東京工業大学の広瀬敬教授、野村龍一大学院生らは海洋研究開発機構、台湾の國家同歩輻射研究中心などと共同で、地球の下部マントルにおけるマグマの化学組成や密度を解明し、マントル深部のマグマは周囲の岩石より重いことを突き止めた。同成果は英科学誌「Nature」(電子版)に掲載された。

一般に液体のマグマは固体(岩石)のマントルよりも軽いため、マグマは地表へ向かって上昇し、火山を形成する。しかし液体のマグマは岩石よりも圧縮されやすい上、マグマは岩石よりも鉄分に富む傾向があるため、マントル深部においては重たいマグマの存在が示唆されていた。
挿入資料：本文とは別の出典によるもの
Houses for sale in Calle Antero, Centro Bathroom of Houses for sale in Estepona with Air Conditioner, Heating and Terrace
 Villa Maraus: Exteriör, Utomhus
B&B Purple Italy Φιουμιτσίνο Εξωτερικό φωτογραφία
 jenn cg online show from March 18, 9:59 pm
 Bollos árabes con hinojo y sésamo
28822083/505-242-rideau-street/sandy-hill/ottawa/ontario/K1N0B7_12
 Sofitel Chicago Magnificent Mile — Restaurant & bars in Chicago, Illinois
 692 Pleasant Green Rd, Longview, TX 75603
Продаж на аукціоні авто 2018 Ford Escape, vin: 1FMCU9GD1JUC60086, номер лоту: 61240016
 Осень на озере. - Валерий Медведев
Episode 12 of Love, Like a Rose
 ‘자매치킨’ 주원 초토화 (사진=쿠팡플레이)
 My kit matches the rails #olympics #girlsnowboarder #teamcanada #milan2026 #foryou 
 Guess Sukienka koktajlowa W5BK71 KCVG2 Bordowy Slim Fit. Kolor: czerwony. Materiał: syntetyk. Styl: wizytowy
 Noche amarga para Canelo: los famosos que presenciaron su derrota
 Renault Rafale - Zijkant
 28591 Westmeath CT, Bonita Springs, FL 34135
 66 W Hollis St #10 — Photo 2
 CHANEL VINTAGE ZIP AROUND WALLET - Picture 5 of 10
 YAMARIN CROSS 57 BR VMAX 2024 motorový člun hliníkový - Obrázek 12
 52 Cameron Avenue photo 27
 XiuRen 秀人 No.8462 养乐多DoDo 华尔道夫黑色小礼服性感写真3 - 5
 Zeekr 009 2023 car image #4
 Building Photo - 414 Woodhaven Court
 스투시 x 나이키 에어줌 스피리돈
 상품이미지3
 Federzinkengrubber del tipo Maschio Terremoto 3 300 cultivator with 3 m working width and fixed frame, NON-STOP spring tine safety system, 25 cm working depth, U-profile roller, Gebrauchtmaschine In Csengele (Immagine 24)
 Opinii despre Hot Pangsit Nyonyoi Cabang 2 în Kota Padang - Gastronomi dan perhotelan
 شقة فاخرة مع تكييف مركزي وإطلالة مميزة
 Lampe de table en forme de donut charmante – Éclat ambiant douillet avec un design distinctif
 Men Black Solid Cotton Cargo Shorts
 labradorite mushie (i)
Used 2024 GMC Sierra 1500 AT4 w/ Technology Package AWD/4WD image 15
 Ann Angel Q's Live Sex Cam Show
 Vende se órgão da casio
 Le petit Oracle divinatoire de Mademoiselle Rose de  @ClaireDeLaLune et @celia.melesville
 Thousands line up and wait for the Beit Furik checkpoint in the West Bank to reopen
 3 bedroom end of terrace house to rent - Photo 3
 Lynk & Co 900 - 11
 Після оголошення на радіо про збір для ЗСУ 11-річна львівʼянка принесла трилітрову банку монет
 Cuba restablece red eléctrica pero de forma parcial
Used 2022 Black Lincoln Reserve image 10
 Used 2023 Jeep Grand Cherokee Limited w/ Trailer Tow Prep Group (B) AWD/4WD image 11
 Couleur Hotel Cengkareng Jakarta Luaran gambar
また、マントルの底には地震波の超低速度域が観測されることが知られており、同超低速度域の成因として、重たいマグマがマントルの底に存在している可能性が指摘されていたが、マントル深部は超高圧・高温下にあるため、そのように重たいマグマの存在を実験で確かめることは困難であり、マントル深部にマグマが存在し得るかどうかについては、これまで推測の域を出ていなかった。

図1 マントルの底の地震波の超低速度域。赤は観測されるところ、青はされない領域を示す(出所:東工大Webサイト)

研究グループはマントル深部に相当する超高圧超高温環境をつくり出す実験装置「レーザー加熱式ダイヤモンドアンビルセル」を開発し、超高圧超高温実験をこれまで行ってきた。

図2 超高圧発生用ダイヤモンドアンビル装置。マントル物質を2つのダイヤの間に挟み、超高圧下でレーザー加熱を行って、実験室でマグマを作る

今回研究グループは、東工大および大型放射光施設「SPring-8」において、160万気圧・摂氏4000度までの高圧高温下で、ケイ素・マグネシウム・鉄の酸化物を主成分とするマントル物質を部分的に融解させてマグマを作る実験を行い、マントル深部のマグマの化学組成を決定することに成功した。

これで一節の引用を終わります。